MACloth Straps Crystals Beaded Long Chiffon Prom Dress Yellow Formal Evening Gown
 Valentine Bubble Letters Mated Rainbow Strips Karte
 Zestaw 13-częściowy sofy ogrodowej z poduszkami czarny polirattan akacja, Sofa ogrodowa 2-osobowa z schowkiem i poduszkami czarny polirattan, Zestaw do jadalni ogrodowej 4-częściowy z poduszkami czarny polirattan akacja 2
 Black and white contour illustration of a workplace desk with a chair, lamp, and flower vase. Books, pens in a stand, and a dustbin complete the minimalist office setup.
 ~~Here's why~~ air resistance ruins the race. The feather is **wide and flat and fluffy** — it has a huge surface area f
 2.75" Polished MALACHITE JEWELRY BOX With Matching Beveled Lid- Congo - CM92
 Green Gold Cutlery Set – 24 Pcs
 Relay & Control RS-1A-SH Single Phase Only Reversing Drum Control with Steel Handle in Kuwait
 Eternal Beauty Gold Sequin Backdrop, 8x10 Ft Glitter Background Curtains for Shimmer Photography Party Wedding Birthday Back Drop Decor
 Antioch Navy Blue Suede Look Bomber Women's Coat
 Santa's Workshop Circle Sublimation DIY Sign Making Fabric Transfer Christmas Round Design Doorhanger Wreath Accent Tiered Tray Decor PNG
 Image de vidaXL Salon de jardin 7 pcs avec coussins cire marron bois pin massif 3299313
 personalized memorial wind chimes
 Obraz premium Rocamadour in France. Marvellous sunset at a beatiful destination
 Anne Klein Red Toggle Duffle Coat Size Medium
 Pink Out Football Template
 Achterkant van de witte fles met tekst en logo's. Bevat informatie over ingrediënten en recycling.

----

Task description ::
Nothing beyond the lines from the start of the entries through the line with "Valentine Bubble Letters" should appear. Repeat those lines exactly, both ends included.

Worked solution ::
MACloth Straps Crystals Beaded Long Chiffon Prom Dress Yellow Formal Evening Gown
 Valentine Bubble Letters Mated Rainbow Strips Karte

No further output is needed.